I see those two arguments, however, my question is are they still needed while my input model is trained with QAT? For what I understood, the dynamic ranges for int8 are already computed during the quantization aware training, and thus there is no need to calibrate one more time when exporting the model.

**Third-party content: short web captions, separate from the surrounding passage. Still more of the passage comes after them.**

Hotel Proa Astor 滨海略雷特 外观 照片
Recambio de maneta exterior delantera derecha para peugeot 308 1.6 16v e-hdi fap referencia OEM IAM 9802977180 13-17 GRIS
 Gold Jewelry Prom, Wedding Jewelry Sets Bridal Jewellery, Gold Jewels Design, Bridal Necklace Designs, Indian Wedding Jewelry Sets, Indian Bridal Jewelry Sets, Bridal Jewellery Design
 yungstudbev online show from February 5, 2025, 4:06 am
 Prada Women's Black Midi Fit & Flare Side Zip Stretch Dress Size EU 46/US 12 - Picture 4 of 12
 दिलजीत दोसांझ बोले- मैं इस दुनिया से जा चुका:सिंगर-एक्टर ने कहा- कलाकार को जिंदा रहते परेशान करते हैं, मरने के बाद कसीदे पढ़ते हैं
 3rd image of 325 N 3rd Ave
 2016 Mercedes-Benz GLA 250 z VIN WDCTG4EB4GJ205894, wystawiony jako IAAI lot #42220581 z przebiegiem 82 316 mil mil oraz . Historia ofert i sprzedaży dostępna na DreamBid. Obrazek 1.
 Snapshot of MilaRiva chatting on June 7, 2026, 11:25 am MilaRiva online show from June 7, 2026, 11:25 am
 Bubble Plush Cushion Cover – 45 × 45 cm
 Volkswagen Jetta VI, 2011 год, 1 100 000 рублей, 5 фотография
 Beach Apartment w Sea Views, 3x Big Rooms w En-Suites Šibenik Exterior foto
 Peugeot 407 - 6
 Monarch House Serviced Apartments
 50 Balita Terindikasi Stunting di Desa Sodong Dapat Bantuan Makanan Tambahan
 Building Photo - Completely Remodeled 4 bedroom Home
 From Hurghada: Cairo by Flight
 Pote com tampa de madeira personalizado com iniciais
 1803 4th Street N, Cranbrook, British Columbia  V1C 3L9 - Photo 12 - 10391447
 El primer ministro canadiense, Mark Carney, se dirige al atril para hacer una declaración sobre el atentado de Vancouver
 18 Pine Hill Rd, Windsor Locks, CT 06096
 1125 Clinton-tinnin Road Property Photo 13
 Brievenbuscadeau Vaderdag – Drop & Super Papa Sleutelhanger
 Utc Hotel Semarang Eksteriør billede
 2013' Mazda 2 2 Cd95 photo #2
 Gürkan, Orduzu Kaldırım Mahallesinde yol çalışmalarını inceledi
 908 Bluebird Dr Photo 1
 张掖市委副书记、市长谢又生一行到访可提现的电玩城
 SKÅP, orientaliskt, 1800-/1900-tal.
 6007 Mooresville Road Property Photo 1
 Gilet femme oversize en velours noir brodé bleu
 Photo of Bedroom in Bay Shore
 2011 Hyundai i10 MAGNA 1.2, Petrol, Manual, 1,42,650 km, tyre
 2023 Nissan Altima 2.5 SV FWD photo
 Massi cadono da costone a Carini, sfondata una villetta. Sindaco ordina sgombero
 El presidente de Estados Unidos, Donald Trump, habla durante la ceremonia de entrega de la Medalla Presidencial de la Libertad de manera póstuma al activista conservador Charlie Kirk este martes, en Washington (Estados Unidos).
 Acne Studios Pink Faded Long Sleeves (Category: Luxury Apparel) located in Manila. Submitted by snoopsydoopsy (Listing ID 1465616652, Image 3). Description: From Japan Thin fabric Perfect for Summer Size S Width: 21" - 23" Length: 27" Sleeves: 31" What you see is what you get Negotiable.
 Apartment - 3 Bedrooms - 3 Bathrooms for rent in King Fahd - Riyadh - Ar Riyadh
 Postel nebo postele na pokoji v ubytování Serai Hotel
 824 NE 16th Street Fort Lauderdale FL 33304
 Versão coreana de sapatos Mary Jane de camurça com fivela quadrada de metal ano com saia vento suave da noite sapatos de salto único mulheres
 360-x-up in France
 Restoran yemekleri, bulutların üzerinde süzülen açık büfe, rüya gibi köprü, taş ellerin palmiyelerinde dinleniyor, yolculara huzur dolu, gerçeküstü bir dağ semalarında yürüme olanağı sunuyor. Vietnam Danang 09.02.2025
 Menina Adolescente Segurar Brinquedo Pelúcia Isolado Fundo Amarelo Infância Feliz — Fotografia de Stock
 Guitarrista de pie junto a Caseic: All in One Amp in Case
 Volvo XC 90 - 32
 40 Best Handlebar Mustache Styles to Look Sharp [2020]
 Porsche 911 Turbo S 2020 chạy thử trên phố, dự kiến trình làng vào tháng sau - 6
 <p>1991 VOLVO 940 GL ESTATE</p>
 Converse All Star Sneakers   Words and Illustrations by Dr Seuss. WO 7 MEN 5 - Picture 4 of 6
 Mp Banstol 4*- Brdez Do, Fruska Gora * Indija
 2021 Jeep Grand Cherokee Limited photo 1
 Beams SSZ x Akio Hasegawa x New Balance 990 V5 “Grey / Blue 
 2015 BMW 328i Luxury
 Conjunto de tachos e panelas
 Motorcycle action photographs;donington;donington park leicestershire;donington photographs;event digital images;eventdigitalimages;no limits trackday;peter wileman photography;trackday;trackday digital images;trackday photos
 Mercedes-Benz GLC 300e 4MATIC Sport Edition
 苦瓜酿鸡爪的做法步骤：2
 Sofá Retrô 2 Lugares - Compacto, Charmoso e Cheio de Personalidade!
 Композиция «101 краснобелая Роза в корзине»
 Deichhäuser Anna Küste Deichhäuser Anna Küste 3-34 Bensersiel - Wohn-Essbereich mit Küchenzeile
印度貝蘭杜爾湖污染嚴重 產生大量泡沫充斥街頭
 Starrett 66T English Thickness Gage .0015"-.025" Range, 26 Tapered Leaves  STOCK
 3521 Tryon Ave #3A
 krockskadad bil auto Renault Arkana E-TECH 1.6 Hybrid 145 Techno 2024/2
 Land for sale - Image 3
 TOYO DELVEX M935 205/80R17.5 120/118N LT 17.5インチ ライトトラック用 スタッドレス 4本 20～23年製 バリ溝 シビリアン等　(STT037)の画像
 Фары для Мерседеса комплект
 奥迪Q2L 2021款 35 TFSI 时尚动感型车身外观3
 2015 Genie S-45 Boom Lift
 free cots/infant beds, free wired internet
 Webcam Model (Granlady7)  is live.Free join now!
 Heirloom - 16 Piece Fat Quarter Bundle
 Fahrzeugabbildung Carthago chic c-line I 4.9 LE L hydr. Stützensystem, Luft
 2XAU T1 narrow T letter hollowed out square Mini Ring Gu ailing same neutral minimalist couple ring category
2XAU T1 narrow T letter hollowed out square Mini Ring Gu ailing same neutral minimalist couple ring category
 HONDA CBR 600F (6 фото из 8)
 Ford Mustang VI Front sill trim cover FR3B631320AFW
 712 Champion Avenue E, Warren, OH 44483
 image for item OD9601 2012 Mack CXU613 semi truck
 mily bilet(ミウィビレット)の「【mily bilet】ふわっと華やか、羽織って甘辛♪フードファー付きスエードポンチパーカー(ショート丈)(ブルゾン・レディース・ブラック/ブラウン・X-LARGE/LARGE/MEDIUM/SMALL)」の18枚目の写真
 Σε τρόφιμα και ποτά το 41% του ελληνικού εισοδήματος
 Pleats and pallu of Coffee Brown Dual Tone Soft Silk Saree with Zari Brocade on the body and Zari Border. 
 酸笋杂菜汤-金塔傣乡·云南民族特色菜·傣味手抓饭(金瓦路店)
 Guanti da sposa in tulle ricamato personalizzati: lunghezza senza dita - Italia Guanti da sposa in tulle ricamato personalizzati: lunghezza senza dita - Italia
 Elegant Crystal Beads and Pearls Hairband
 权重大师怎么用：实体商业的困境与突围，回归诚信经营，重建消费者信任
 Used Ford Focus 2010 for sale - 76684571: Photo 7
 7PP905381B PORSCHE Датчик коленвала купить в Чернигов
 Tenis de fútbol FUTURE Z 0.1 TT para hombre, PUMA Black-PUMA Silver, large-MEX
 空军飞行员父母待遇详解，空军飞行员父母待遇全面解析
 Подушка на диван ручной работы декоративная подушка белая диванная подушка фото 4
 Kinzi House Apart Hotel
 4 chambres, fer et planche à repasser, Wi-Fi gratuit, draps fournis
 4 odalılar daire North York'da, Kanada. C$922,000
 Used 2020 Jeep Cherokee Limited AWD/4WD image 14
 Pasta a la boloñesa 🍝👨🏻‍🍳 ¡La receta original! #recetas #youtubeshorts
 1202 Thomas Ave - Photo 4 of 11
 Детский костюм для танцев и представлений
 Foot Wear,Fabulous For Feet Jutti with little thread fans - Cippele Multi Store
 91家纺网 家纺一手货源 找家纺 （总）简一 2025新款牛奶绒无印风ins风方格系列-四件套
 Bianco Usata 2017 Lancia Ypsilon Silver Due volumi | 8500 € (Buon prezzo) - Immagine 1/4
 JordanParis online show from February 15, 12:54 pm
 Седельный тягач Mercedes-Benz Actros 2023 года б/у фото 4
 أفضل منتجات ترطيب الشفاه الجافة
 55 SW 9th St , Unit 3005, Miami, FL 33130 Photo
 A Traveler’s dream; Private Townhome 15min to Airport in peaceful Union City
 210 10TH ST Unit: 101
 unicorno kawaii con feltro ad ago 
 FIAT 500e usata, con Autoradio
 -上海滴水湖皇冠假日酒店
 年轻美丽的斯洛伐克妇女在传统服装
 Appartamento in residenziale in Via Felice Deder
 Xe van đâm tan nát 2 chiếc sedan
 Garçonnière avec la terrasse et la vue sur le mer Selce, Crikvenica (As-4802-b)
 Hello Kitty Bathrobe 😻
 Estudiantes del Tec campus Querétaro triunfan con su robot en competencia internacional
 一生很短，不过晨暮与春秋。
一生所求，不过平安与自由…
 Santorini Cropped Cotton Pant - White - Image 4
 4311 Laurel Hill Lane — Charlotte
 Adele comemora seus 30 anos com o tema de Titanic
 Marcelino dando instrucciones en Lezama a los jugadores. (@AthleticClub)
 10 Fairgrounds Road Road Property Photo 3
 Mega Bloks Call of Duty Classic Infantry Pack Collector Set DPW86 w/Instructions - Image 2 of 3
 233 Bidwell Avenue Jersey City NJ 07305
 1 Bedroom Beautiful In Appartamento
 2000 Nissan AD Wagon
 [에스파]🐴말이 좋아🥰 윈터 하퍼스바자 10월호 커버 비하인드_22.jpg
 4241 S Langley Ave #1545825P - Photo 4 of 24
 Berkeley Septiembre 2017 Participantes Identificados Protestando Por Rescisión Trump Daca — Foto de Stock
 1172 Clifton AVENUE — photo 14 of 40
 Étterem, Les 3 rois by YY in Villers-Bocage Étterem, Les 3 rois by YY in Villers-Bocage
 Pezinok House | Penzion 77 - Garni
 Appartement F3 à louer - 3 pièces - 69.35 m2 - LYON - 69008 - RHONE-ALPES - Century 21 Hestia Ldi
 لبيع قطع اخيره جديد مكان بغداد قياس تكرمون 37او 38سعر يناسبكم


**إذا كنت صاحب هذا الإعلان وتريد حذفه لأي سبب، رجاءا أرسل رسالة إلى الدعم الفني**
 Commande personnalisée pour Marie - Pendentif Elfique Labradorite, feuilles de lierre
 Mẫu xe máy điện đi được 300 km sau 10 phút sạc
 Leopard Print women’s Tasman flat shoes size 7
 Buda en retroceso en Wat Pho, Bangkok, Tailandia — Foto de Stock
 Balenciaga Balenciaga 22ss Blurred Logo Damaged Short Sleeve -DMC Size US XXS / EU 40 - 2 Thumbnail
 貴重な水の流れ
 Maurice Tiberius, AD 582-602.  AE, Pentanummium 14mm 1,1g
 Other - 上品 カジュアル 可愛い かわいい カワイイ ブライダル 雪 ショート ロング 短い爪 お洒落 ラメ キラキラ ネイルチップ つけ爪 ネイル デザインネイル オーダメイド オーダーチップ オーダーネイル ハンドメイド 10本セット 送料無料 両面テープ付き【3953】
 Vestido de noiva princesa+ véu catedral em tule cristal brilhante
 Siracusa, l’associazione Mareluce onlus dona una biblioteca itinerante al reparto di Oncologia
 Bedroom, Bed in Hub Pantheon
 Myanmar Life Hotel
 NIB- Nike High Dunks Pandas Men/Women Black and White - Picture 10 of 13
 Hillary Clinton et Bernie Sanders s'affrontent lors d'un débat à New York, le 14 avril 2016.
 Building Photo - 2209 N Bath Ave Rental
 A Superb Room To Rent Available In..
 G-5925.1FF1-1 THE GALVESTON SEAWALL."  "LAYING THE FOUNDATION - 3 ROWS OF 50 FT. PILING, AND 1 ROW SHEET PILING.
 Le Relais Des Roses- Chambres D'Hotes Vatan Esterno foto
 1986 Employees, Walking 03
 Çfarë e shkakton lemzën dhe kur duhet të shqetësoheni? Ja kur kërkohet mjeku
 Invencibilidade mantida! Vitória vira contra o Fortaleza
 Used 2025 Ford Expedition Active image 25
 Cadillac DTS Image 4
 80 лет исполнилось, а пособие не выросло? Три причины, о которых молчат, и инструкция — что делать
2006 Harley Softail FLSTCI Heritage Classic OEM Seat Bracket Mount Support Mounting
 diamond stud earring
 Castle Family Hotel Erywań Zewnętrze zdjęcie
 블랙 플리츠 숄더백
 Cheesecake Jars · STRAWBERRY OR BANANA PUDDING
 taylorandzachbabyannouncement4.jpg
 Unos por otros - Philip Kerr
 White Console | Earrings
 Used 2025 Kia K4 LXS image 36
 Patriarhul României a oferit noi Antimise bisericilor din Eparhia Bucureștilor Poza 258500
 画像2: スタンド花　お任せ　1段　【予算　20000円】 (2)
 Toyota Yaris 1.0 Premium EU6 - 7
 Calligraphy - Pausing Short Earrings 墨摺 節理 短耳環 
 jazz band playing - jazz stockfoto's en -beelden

Here is a note quoted from tlt-export section in the official documentation:

When exporting a model trained with QAT enabled, the tensor scale factors to calibrate the activations are peeled out of the model and serialized to a TensorRT readable cache file defined by the cal_cache_file argument.
@Morganh

I see those two arguments, however, my question is are they still needed while my input model is trained with QAT? For what I understood, the dynamic ranges for int8 are already computed during the quantization aware training, and thus there is no need to calibrate one more time when exporting the model. @Morganh

Yes, it is still needed.

All right, understood, thanks. It just might cause confusion.

I’m confused here too, facing the same problem. The documentation clearly state that the cal_image_dir is not needed and that the calibration scaling factors are extracted from the .tlt file because it was trained with QAT enabled.

I will check further if there is an issue.